Herbed Flat Bread
Use any fresh herbs you have on hand or in your garden to add flavor to a delicious whole grain flatbread. Mold the bread into any fun shape you want! 90 minutes, Ages 5+
1 Tablespoon yeast
1 teaspoon of sugar
2 cups warm water
2 teaspoons salt
¼ cup olive oil
2 cups whole wheat flour
2-3 cups white flour, as needed
handful of fresh herbs (such as oregano, sage, or rosemary)
- Mix yeast, sugar and warm water together in a bowl until yeast is completely dissolved.
- Add salt, oil and whole wheat flour. Let sit for a few minutes.
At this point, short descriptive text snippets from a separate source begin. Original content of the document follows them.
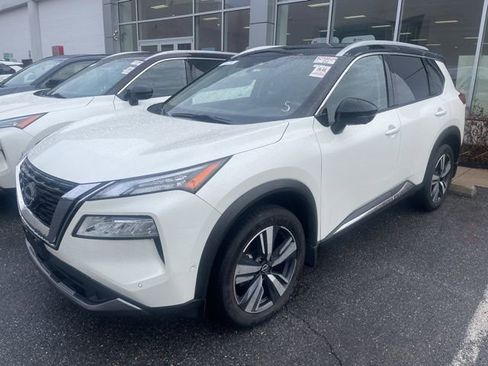 Certified 2023 Nissan Rogue SL w/ SL Premium Package AWD/4WD image 1
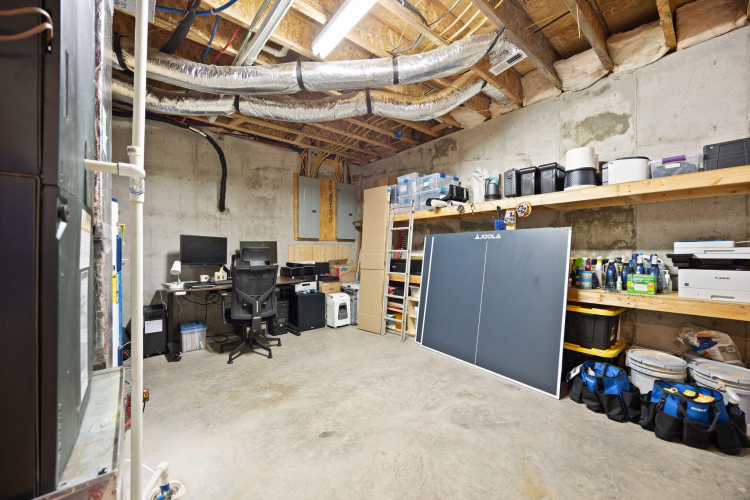 Listing Image 61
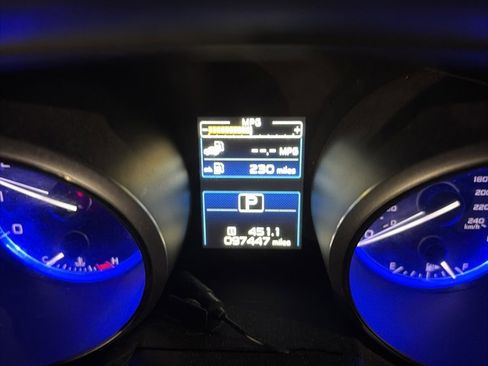 Used 2015 Subaru Legacy 2.5i Limited image 5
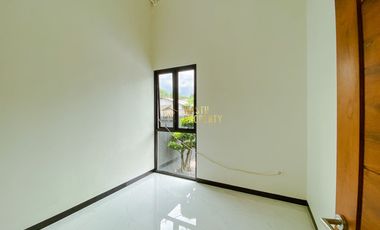 RUMAH DESAIN MEWAH, TANAH LUAS, DEKAT PASAR JANGKANG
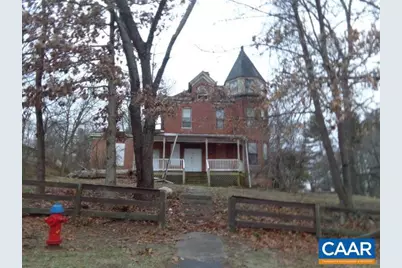 1040 Reservoir St, Waynesboro, VA 22980 - Photo 2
- Meanwhile, remove herb leaves from the stem and tear or chop into small pieces
- Gradually add white flour to the whole wheat mix, until dough is no longer sticky
- Knead on a flour-covered cutting board, adding flour as needed. Add torn up herbs to the dough a little at a time while kneading until herbs are incorporated.
- Form dough into a ball. Sprinkle a clean bowl with oil, roll the dough in the oil until covered.
- Cover the bowl with a damp towel. Place in a warm location to rise for 45 minutes.
- Preheat oven to 400. Give the dough a couple kneads, then press, stretch, and mold the dough into a flatbread shape of your choice onto a sheet pan.
- Bake 20 minutes, or until slightly browned and the bread makes a hollow sound when you knock on it. Enjoy!
Bread-making is such a wholesome project for a cozy day at home and this recipe is particularly forgiving and flexible for new bakers! Certain steps get easier for kids as they get older, but as long as they are old enough to stand at a kitchen counter, all kids love harvesting and tearing up fresh herbs, mushing fresh dough, and molding the flat bread into fun shapes. This bread is also full of wonderful smells! Try smelling the dough before and after adding herbs, compare smells before and after it’s baked! Enjoy the bread warm, eating by the handful, or slice down the middle for flat sandwich pieces.
A note about kneading: kids LOVE to knead, but might need some coaching on best ways to do it. Once you turn your dough onto a counter or cutting board to knead, fold the top portion of the dough over, then push down, and turn the dough 90 degrees in any direction. Repeat the process again and again, always turning the dough 90 degrees in the same direction. You know the dough can rest and rise when it is no longer sticking to the counter and all your herbs are incorporated. “Mushing” bread is fine for kids who may be too young to learn professional baking practices, but avoid “tearing” the bread dough. Tearing dough ruins the nice long gluten structure you want in bread to make it fluffy.